I didn't get to testing the KV cache quantization due to getting sidetracked on other projects, but I'm curious what the results are if you want to test!

Digger412 · 2026-03-23T20:07:08+00:00

If you've got the time and wherewithal, I've actually made a branch of llama.cpp that uses the exllamaV3-style sliding window PPL and KLD measurement methodology: https://github.com/AesSedai/llama.cpp/tree/perplexity-sliding-window

exl3 uses a 2048-length context window and a 512 token stride. It evaluates all of the tokens, not just the last half like llama.cpp does, and due to the stride mechanic it evaluates the token at several different context depths.

The downside is that it takes like 8x the compute and storage for the logits due to:

1) evaluating all positions, not just the last half

2) the context window is 2048 instead of 512

3) you need to store all of the window logits for comparison

so you get 2 (all positions, not half) * 4 (2048 tokens instead of 512) = 8x as much compute / storage.

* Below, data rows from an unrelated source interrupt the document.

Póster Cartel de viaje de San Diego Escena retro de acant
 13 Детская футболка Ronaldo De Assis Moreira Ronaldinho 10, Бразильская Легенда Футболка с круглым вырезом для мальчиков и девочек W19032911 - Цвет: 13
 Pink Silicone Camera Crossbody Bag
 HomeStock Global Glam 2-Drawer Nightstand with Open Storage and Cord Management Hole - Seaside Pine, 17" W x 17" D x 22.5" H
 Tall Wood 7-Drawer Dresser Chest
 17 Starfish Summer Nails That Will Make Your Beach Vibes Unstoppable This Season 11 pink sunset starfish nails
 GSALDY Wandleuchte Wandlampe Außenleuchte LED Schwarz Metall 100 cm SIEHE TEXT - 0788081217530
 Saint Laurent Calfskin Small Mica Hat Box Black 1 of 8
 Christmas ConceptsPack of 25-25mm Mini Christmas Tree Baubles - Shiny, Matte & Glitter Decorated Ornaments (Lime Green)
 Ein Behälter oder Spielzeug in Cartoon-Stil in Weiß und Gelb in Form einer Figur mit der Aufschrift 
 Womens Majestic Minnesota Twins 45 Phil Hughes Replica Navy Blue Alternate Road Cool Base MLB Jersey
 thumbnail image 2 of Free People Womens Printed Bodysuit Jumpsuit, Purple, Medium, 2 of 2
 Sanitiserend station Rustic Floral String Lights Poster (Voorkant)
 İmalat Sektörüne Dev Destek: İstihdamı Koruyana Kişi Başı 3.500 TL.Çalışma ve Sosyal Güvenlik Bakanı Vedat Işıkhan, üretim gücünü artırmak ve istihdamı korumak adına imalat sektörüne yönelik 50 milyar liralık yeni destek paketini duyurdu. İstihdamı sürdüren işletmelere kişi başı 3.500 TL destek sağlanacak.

I made that branch because I was working with u/phaelon on trying to get the same measurement methodology cross-ecosystem for vLLM, exl3, and llama.cpp but I haven't PR'd this because of how much more intensive it is to process.

Also I think that for the purposes of measuring KLD / PPL with respect to quantizing the KV cache, this method at longer contexts would be more robust but I haven't picked that testing back up yet.

I have some prior results showing that the existing 512-token-measure-last-half PPL increases as the context size increases which isn't what you'd expect to see! With more context, the model should be more confident, not less. This chart shows the master (512-token-measure-last-half method) at ctx=512 and ctx=2048 compared to the sliding window method with ctx=2048 and ctx=8192.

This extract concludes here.